New documents upend the DNC and Clinton campaign’s attempt to claim attorney-client privilege.

The documents made public by the Federal Election Commission (FEC) reveal that Hillary Clinton’s campaign payments to Fusion GPS to dig up dirt on Donald Trump were not considered legal expenses. These documents seemingly refute the campaign’s claim of attorney-client privilege in special counsel John Durham’s criminal case against former Clinton campaign attorney Michael Sussmann.

Sussmann, who is awaiting trial in a D.C. federal court on charges of making false statements to the FBI regarding the Trump Organization and a Russian bank, is currently fighting to keep prosecutors from seeing 38 documents withheld from the grand jury based on claims of attorney-client privilege.

On Wednesday, the court will hear oral arguments on the special counsel’s motion and decide whether the 38 documents must be turned over.

The Federalist reports:

For instance, the Clinton campaign reported payments of $175,000 to Perkins Coie as payments for “legal services,” but the FEC memorandum stressed that the Perkins Coie invoices did not treat all of the charges as related to “legal services.” Rather, the invoices reviewed by the FEC showed that in billing the Clinton campaign Perkins Coie distinguished between fees for “legal services rendered” and fees for “professional services — other.” The only service billed as “legal services rendered,” the FEC noted, related to the $5,000 monthly retainer fee paid to Perkins Coie. Conversely, all of the charges related to Fusion GPS’s work charges appeared as “professional services—other.”

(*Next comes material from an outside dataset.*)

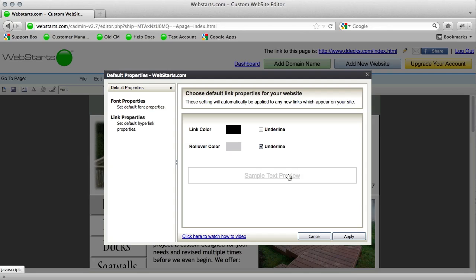So when I click apply, that means all the new links that I create, the hyperlinks to other pages, they're all going to have this exact styling.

The FEC memorandum also stressed that the invoices Fusion GPS sent to Perkins Coie for the services rendered on behalf of the Clinton campaign listed “a monthly retainer fee plus additional fees labeled as ‘Russia Research’ or ‘Russian language researcher.’” Those Fusion GPS charges included payments “Fusion made to its sub vendors, Nellie Ohr, Graham Stack, Edward Austin Limited, and Orbis Business Intelligence Ltd.” The sub-vendors all conducted opposition research for Fusion GPS related to Trump, the FEC memorandum explained, again countering the proposition that the subcontractor and its vendors were assisting Perkins Coie in providing legal services to the Clinton campaign.

Durham’s supplement was filed following a letter from The Coolidge Reagan Foundation’s attorney, Dan Backer. The Foundation has been pursuing the case against the Clinton campaign with the FEC for years.